The Bavarian palace guard troop, later called Königlich-Bayerische Leibgarde der Hartschier (L.G.H.), In addition to the Hartschiere, the kings of Bavaria had a royal house regiment from the end of the Napoleonic Wars until the fall of the kingdom after World War I, the so-called Infantry Lifeguards Regiment.

Entrance to this Guard was only possible for soldiers of impeccable character and conduct. The commander of the Hartschier troop had the title Generalkapitän (see also Captain General), associated with the highest class ranking in the Hofrangordnung (court order of precedence). He was appointed personally by the king.

In 1852 the Hartschiere got new uniforms with white supra vests over their jackets and helmets instead of the former caps, made of nickeled tin and gilded cast brass. The golden helmet plate showed the royal coats of arms and on top of the helmet was a standing golden lion figure.
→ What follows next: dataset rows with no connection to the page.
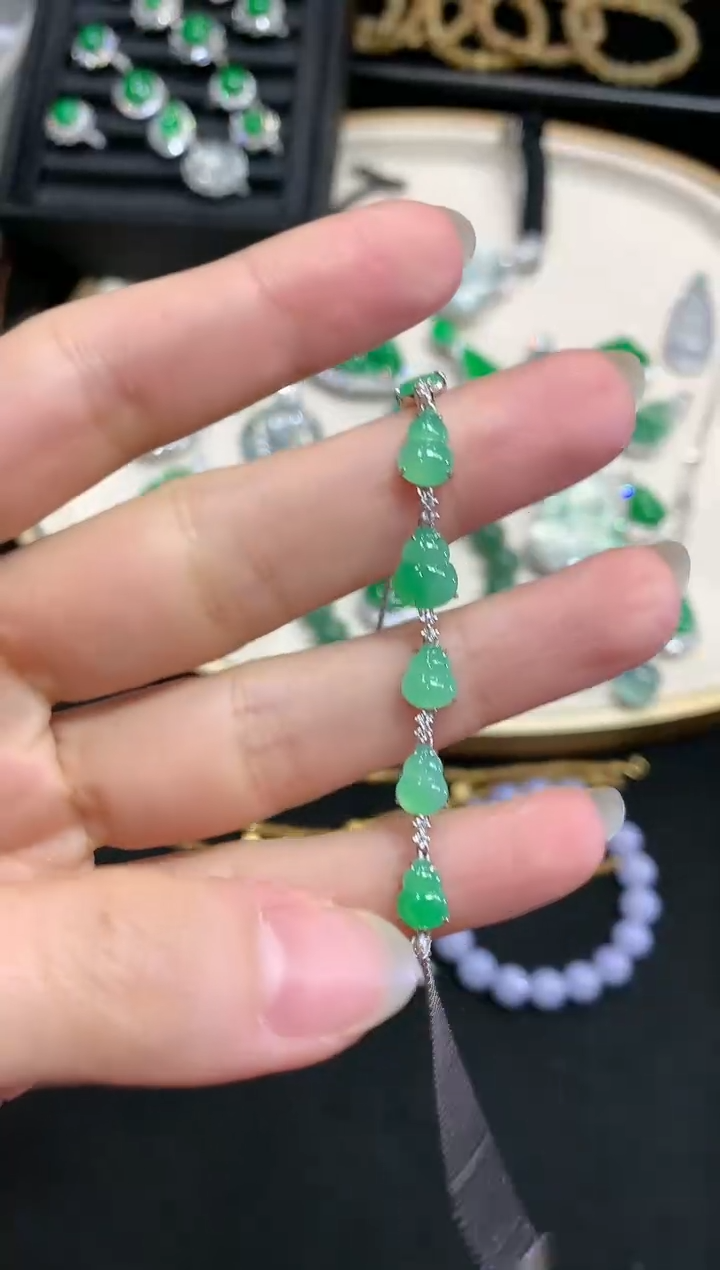 【闪购商品】翡翠手链18K金镶嵌W713|4980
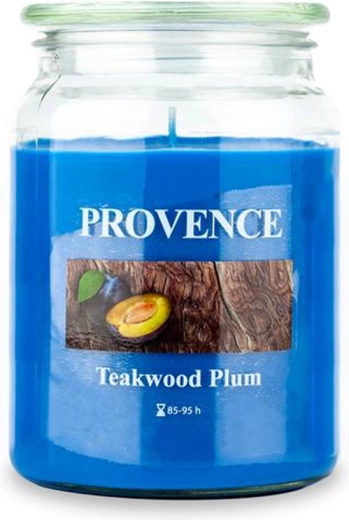 Świeca zapachowa w szkle PROVENCE drewno tekowe i śliwka 95 godzin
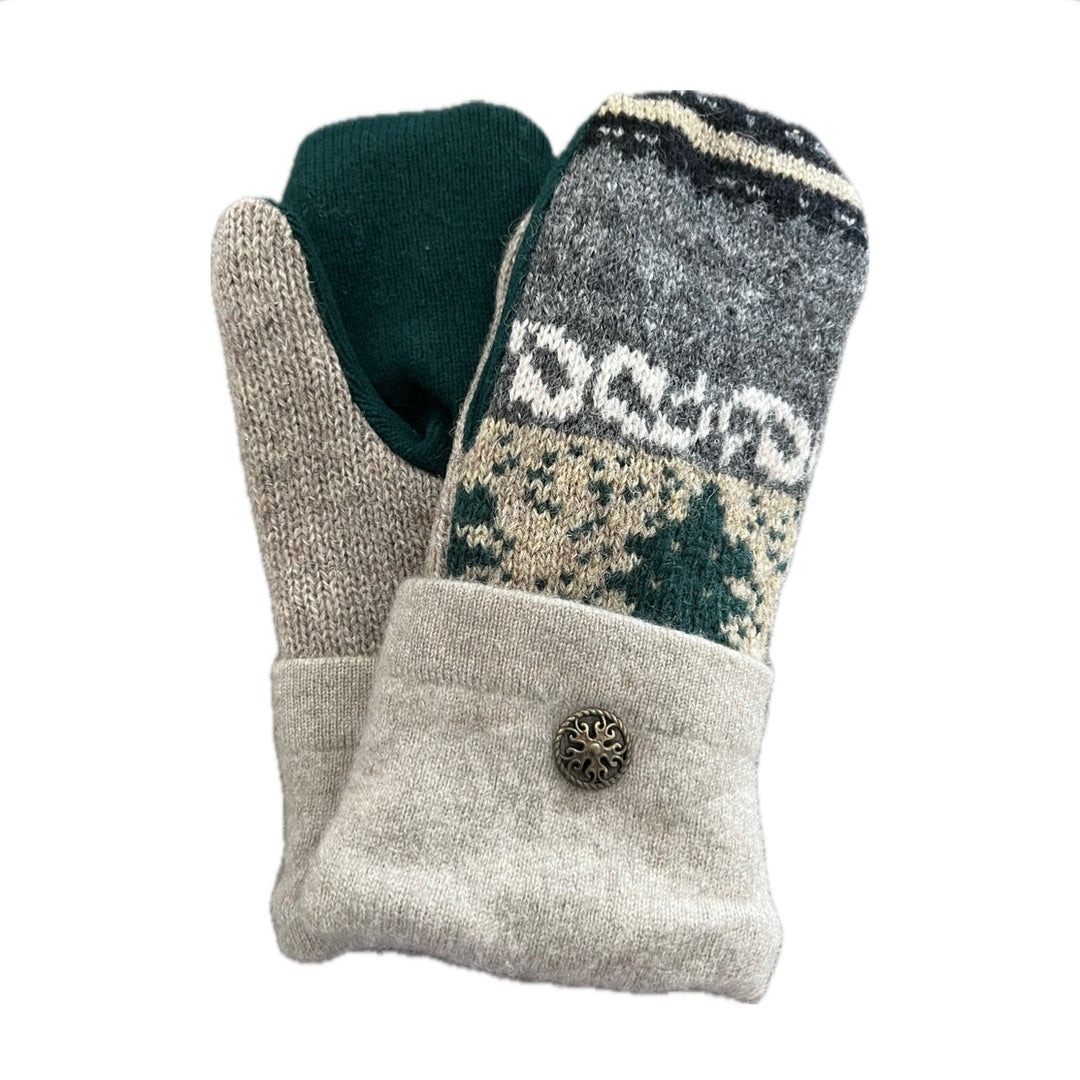 Women's Mittens - Cream & Forest Nordic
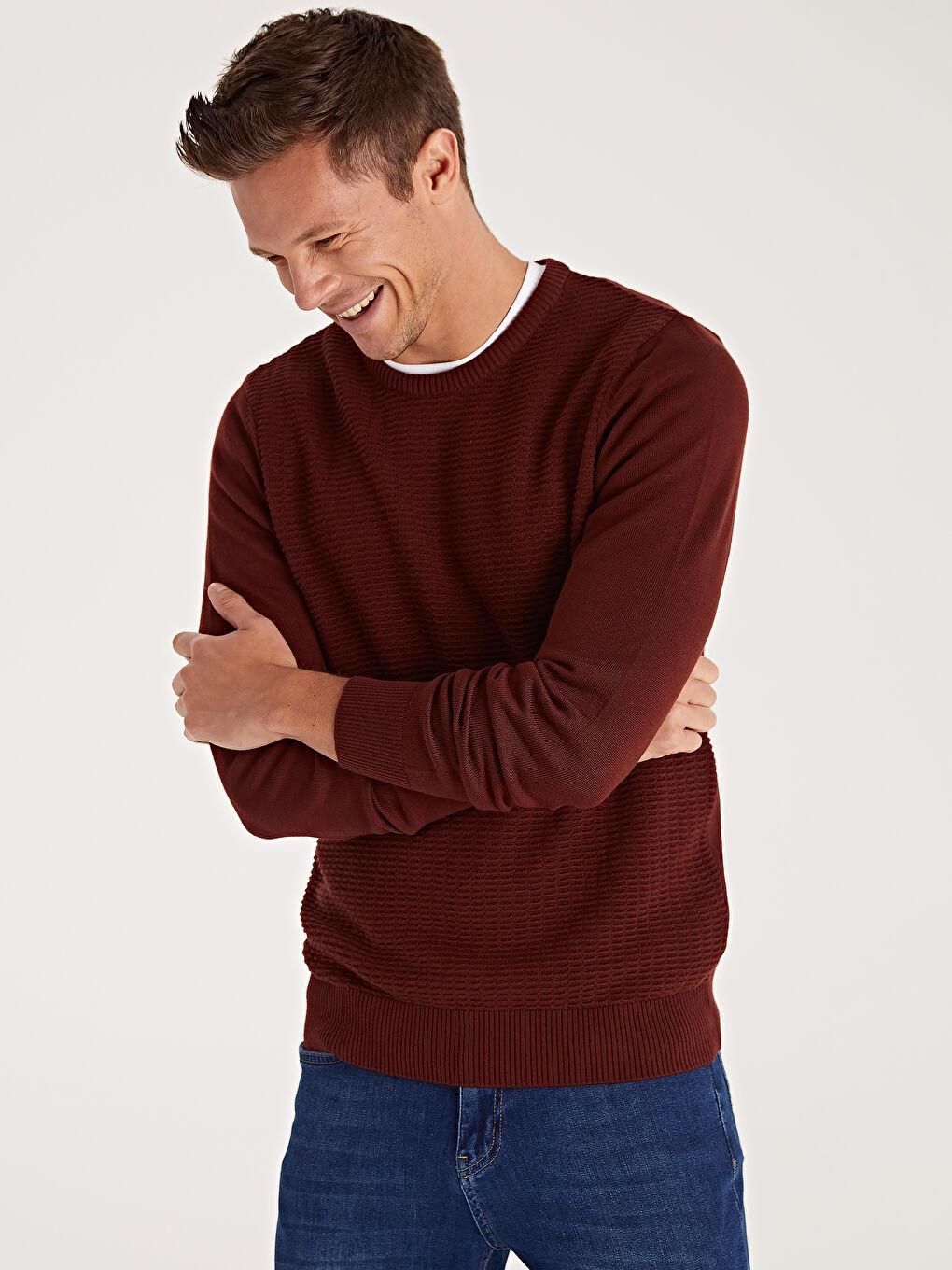 Crew Neck Long Sleeve Thin Men's Tricot Sweater -9W3913Z8-HJG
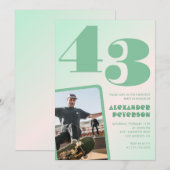 Green Gradient 43. Geburtstag Einladungen Boy Foto (Vorne/Hinten)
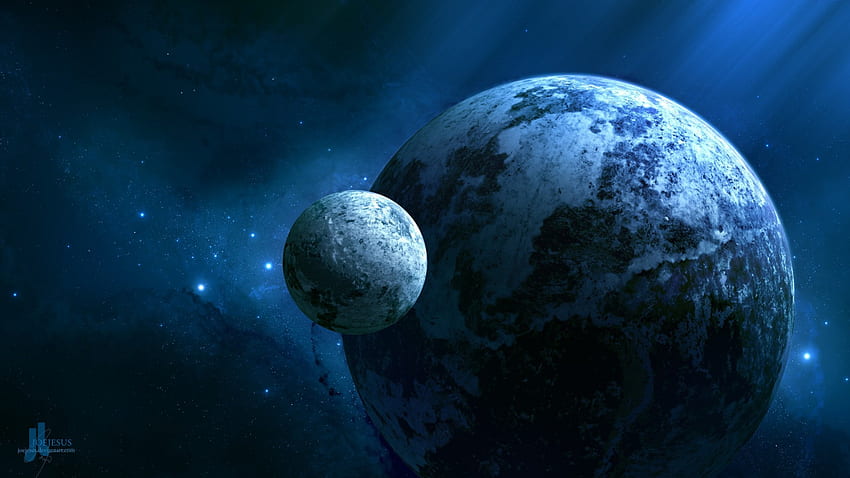 Земята и Луната, земя от космоса, 3d земя и луна, земя и луна HD тапет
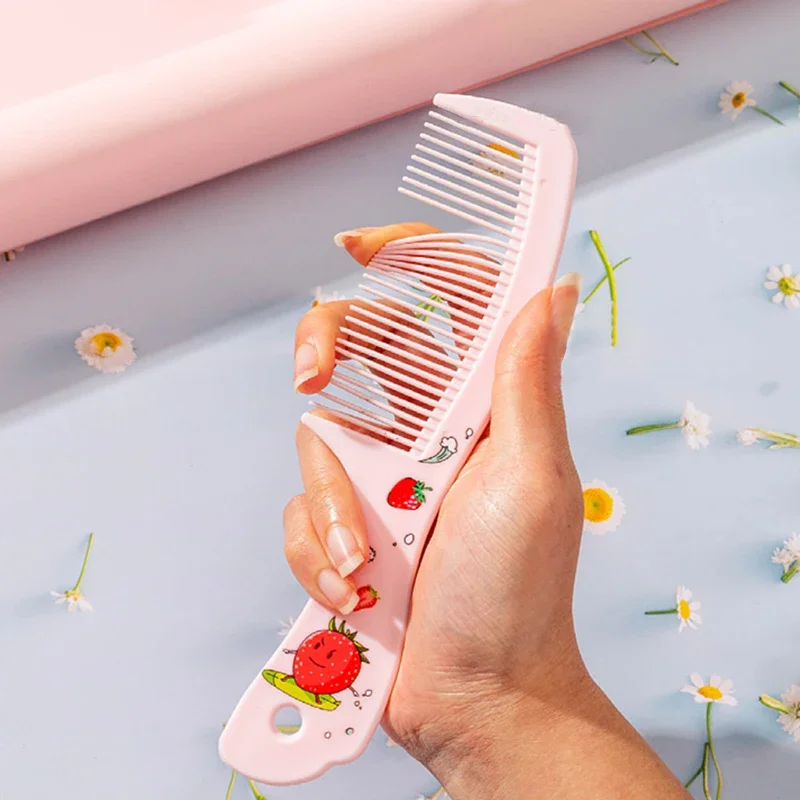 Cute Cartoon Strawberry Mother-kids Hair Brush Comb Baby Anti-static Portable Plastic Hairbrush for Women Bath Health Care Tools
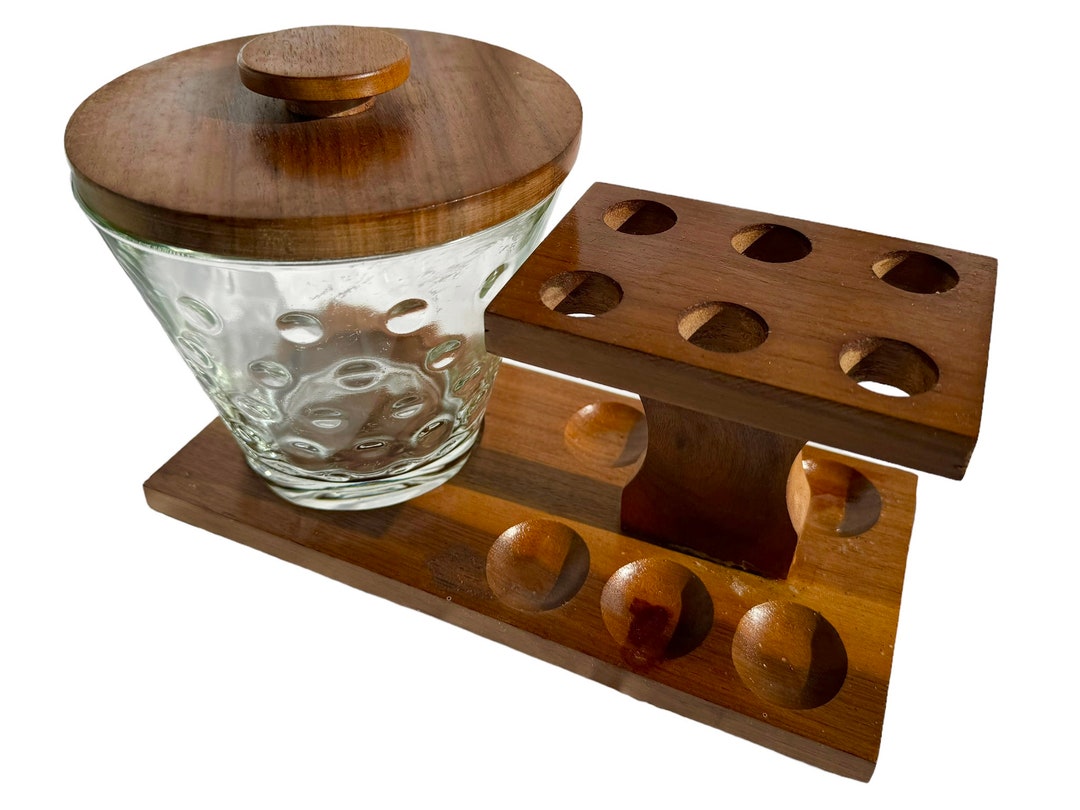 Vintage 1970’s Six Pipe Rack and Glass Humidor Holder With Hobnail ...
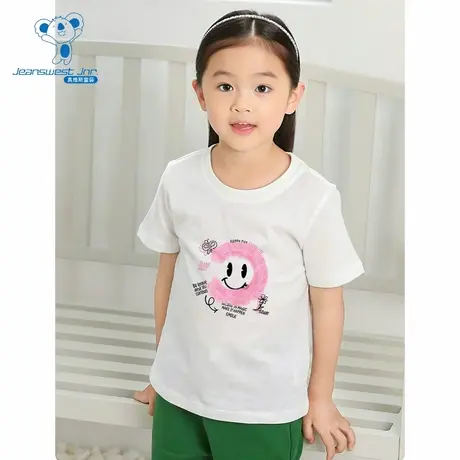 DQ真维斯童装2025夏季新款女童圆领棉质印花短袖T恤上衣图片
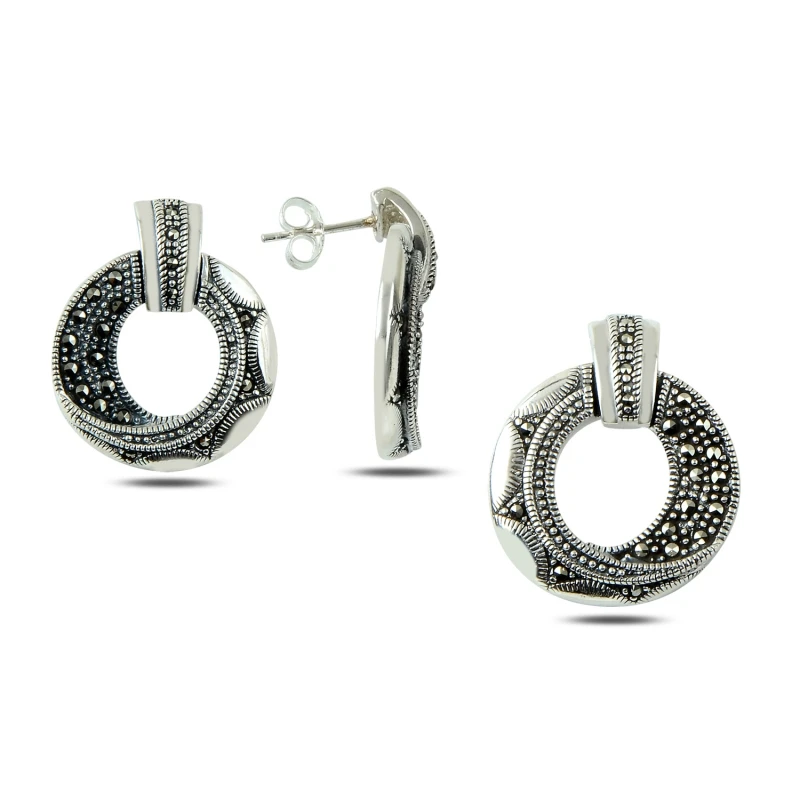 

Silver 925 Sterling Marcasite Cubic Zirconia Circle Set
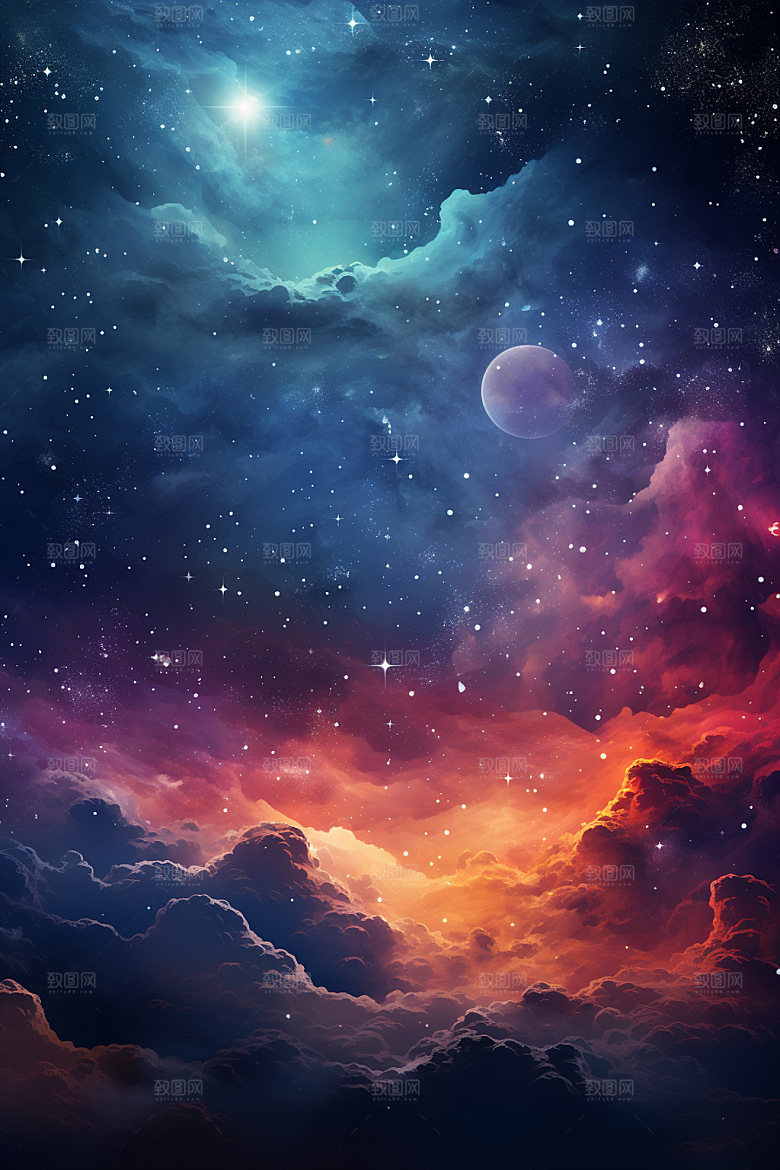 宇宙星空夜空星云素材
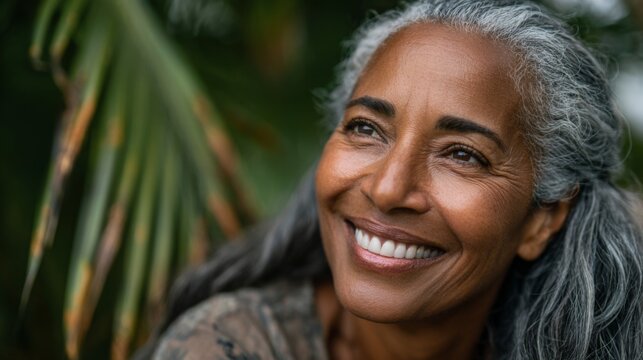 Portrait of a joyful older woman with gray hair smiling against a lush green background, showcasing natural beauty and serenity in an outdoor setting - Powered by Adobe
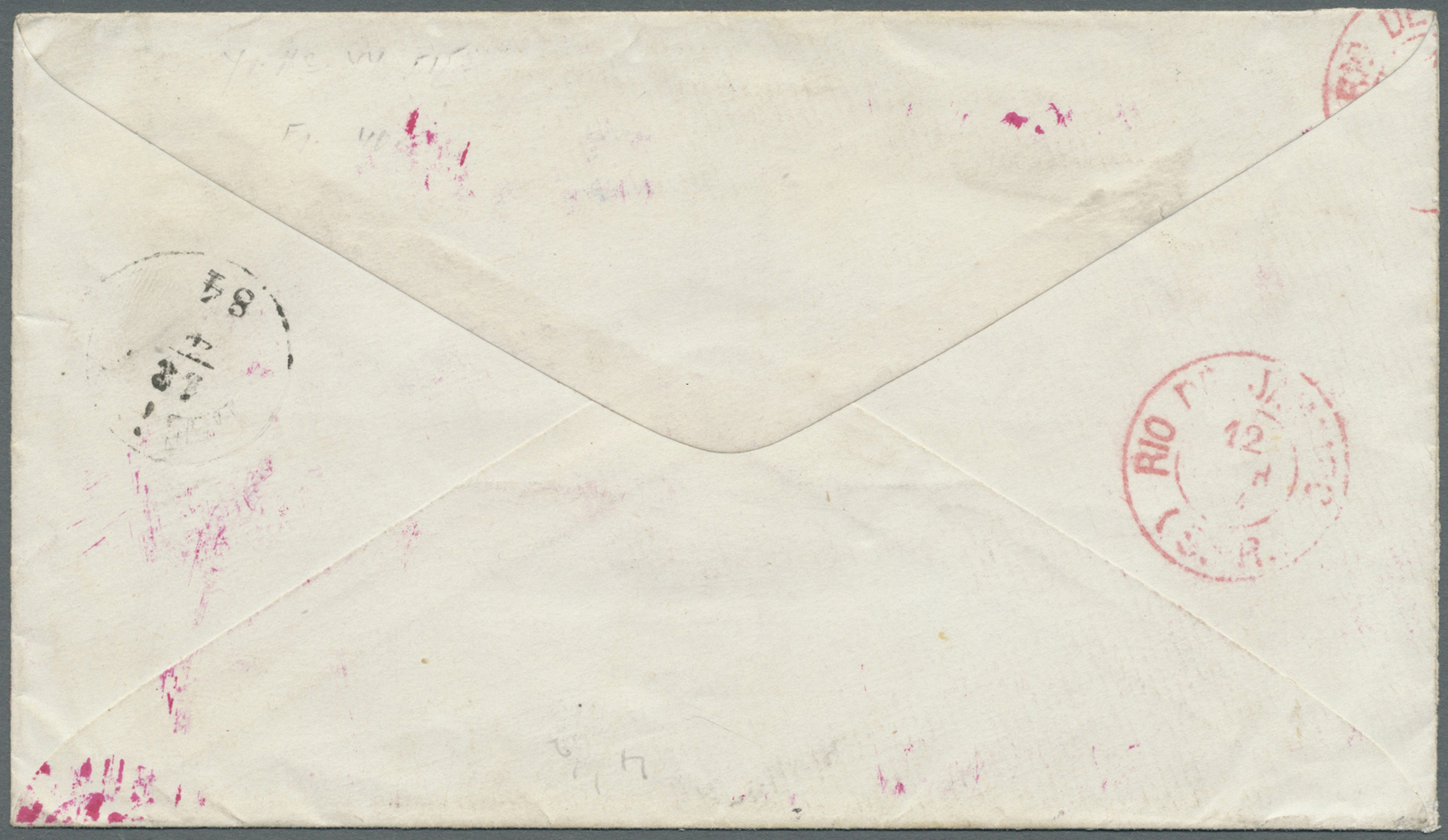 GA Brasilien - Ganzsachen: 1884. Registered Brazil Postal Stationery Envelope 200r Black Upgraded With 'Dom Pedro' Yvert - Postal Stationery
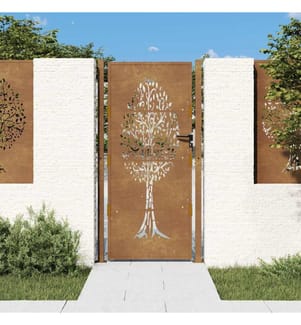 Gartentor 105x180 cm Cortenstahl Baum-Design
The helmet was worn with the lion for normal service, which was replaced by a white horsehair plume on full dress occasions. Older helmets had obviously two-headed eagle figures on top instead of the lion. The embroidered patch on the chest of the Hartschiere showed a large version of the Order of Saint Hubertus (Hubertusorden) with its motto "in trau vast" (means: be firm in fidelity). The Hartschiere were armed with épées and the halberd-like "couse".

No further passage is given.